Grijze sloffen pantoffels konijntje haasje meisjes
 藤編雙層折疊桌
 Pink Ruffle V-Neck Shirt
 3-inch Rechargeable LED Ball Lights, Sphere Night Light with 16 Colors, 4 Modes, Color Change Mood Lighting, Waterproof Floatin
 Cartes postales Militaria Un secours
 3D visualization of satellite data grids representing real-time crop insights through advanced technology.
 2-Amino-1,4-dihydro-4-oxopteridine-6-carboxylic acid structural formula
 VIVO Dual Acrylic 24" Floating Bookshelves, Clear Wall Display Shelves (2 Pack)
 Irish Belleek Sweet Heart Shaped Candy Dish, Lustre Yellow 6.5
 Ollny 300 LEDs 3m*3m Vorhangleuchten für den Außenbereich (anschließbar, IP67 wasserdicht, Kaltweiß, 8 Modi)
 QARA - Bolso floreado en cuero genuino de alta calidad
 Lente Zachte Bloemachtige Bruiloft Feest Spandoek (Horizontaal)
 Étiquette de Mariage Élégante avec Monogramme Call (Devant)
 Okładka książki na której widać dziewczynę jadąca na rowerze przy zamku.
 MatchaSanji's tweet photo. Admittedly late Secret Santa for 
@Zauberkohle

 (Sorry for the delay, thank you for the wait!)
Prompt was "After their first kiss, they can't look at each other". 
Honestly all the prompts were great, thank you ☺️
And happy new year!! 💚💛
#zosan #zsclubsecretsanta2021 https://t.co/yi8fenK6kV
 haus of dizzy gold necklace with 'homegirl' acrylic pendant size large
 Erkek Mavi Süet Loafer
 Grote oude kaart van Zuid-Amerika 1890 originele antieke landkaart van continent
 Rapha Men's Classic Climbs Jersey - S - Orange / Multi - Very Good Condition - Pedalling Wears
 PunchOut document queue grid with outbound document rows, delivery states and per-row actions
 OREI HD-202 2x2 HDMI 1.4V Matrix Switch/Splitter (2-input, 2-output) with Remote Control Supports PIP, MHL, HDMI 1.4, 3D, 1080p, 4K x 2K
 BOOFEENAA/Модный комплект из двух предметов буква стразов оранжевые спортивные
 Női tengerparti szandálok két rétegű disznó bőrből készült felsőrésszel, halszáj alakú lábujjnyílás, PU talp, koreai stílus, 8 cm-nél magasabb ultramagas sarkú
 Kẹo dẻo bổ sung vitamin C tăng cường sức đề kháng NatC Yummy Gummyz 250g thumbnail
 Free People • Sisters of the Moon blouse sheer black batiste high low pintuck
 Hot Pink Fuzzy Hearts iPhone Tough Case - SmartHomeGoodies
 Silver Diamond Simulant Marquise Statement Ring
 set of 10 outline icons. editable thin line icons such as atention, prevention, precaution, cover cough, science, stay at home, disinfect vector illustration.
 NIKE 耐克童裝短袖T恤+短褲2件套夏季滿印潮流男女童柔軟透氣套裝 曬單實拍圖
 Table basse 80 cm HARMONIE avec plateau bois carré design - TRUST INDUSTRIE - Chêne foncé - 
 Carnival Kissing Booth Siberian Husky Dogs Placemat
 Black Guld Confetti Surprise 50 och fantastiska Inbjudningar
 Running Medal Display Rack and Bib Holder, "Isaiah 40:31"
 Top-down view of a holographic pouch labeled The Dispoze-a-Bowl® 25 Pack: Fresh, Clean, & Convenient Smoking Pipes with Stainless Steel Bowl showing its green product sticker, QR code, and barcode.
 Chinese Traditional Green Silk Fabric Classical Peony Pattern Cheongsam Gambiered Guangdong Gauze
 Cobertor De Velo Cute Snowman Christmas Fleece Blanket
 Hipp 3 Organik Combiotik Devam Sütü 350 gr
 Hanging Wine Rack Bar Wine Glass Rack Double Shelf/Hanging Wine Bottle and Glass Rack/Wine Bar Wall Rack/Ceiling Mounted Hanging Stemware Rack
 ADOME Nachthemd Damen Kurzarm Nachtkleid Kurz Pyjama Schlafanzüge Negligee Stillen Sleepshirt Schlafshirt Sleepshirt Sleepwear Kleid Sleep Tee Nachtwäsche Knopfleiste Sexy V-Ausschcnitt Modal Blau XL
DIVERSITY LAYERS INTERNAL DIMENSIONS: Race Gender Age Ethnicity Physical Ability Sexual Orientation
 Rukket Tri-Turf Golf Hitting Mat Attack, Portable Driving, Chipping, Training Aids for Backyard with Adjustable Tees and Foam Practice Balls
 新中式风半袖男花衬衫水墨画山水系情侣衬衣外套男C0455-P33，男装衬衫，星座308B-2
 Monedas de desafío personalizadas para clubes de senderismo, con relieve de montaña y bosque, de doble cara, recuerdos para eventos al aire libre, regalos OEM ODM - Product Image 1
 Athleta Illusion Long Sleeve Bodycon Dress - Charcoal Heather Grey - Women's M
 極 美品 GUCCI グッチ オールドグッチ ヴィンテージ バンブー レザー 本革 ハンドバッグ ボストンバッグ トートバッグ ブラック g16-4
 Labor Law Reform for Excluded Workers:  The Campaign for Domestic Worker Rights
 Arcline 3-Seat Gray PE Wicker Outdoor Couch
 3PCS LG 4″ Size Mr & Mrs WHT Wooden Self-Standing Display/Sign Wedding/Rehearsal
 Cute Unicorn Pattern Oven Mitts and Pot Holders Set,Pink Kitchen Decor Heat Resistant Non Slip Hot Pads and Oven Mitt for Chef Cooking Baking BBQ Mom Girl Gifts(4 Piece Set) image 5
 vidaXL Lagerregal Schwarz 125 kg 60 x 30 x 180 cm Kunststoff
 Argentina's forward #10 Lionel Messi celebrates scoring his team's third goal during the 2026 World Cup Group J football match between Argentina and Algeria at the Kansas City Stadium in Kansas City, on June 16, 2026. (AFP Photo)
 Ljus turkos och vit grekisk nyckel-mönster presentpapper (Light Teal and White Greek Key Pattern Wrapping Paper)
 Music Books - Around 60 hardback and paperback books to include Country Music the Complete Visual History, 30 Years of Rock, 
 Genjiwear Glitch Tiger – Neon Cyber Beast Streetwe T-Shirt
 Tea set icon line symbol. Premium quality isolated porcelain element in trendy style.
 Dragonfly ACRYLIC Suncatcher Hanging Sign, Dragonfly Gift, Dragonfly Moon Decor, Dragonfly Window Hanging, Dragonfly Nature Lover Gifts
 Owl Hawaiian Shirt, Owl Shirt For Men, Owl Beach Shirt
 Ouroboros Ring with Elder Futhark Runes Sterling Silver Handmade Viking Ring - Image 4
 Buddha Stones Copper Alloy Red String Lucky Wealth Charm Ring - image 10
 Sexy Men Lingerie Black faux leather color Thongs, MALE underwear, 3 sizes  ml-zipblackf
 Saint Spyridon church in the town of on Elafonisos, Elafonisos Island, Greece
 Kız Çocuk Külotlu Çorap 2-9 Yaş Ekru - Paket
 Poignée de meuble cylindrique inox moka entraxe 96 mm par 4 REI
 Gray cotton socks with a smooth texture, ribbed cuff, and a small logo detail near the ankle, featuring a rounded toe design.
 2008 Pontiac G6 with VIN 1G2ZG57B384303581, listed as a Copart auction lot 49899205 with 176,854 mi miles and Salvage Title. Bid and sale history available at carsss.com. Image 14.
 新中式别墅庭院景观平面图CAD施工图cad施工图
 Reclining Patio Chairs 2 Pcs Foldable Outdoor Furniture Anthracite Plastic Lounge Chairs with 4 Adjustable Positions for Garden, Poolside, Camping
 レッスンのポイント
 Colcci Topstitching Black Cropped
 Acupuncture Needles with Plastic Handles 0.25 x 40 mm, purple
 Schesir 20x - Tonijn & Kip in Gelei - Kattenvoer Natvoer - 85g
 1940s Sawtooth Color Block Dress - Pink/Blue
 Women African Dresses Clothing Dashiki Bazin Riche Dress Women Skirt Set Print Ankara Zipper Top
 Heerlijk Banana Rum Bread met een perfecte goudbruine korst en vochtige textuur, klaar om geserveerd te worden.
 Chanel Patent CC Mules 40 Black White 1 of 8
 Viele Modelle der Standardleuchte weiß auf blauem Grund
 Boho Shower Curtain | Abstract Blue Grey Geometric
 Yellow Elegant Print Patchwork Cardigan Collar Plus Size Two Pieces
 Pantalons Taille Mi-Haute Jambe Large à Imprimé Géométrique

§ Instructions to follow
What lines in the records contain the word "design"? Return each one.

§ Written answer
 Table basse 80 cm HARMONIE avec plateau bois carré design - TRUST INDUSTRIE - Chêne foncé - 
 Gray cotton socks with a smooth texture, ribbed cuff, and a small logo detail near the ankle, featuring a rounded toe design.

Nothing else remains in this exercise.